Lab 2: Data Visualisation I

Package(s)

ggplot2

Schedule

08.00 - 08.15: pre-course anonymous questionaire Walk-through
08.15 - 08.30: Recap: RStudio Cloud, RStudio and R - The Very Basics (Live session)
08.30 - 09.00: Lecture
09.00 - 09.15: Break
09.00 - 12.00: Exercises

Learning Materials

Please prepare the following materials:

Book: R4DS2e: Chapter 1 Data Visualisation
Paper: “A Layered Grammar of Graphics” by Hadley Wickham
Video: The best stats you’ve ever seen
Video: The SDGs aren’t the same old same old, video from the Gapminder foundation
Video: EMBL Keynote Lecture - “Data visualization and data science” by Hadley Wickham
Primer: If you are not familiar with working with paths and projects, please read this primer on Paths and Projects

Unless explicitly stated, do not do the per-chapter exercises in the R4DS2e book

Learning Objectives

A student who has met the objectives of the session will be able to:

Explain the basic theory of data visualisation
Decipher the components of a simple ggplot
Use ggplot to do basic data visualisation

Exercises

Prelude

First, make sure you are where you supposed to be, i.e. 1. In a group, 2. On Slack, 3. On the RStudio Cloud Server and 4. on Github. If not, see the Getting Started section

Then, discuss these 4 visualisations with your group members:

What is problematic?
What could be done to rectify?

Click here for visualisation 1

Note, AMR = Antimicrobial Resistance

Click here for visualisation 2

Click here for visualisation 3

Click here for visualisation 4

Getting Started

First of all, make sure to read every line in these exercises carefully!

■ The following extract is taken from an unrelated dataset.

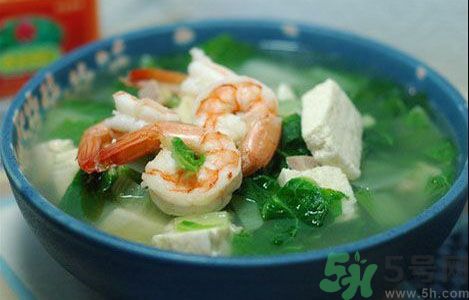 菠菜可以喝豆腐一起吃嗎？菠菜可以喝蝦一起吃嗎？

If you get stuck with Quarto, revisit R4DS2e: Chapter 28 Quarto or take a look at the Comprehensive guide to using Quarto

If you get stuck working with paths and projects, remember there is a primer to help you, see the preparations materials for this session

Go to the R for Bio Data Science RStudio Cloud Server session from last time and log in and choose the project you created.
Make sure you are working in the right project, check in the upper right corner, it should say r_for_bio_data_science
Create a NEW Quarto Document for today’s exercises, e.g. lab02_exercises.qmd and remember to SAVE it in the same location as your .Rproj-file

Recall the layout of the IDE (Integrated Development Environment)

Then, before we start, we need to fetch some data to work on.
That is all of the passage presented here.